ZONA SUL – Você mantém em arquivo suas gravações? Tem ideia de quantos gols narrou?
HÉLIO – Luth Lopes gravou pra mim todas as narrações que fiz na Globo/Cabugi. Não tenho nem ideia de quantos gols já narrei. Com certeza foram muito mais de mil gols, já que estou no rádio desde 1962 pra cá. O mais emocionante foi um de Zé Ivaldo, de pé canhoto, em Natal. O América venceu o Náutico por 1 a 0. Givanildo era o treinador do Náutico. Também gostei muito de um gol de Ivanildo, de falta, contra o São Paulo. Waldir Peres nem se mexeu. Foi um primor. E aquele gol, na emoção, contra o União São João de Araras. Um gol espírita. Narrei muitos grandes gols ao longo do tempo. Hélcio Jacaré fez um depois de driblar bem uns seis. Bateu com o pé canhoto. Ele estava jogando pela seleção de veteranos potiguar que enfrentava uma seleção brasileira de veteranos.
ZONA SUL – Deixe um recado pro torcedor potiguar.

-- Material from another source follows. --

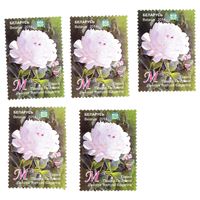 Марка Пион 'Памяти Гагарина'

HÉLIO – Prestigie o futebol do Rio Grande do Norte. O direito à crítica é sagrado, mas é preciso entender que não é fácil competir com os grandes times do futebol brasileiro. A disputa é injusta. Quando um time potiguar entra em um campeonato contra os chamados times grandes, já leva desvantagem na divisão do bolo da transmissão televisiva. Enquanto Vasco, Flamengo, Corinthians e São Paulo, por exemplo, ficam com as mais gordas fatias, para os times do Nordeste sobram apenas as migalhas. Por isso, cada vez mãos o futebol potiguar depende do apoio de todos nós.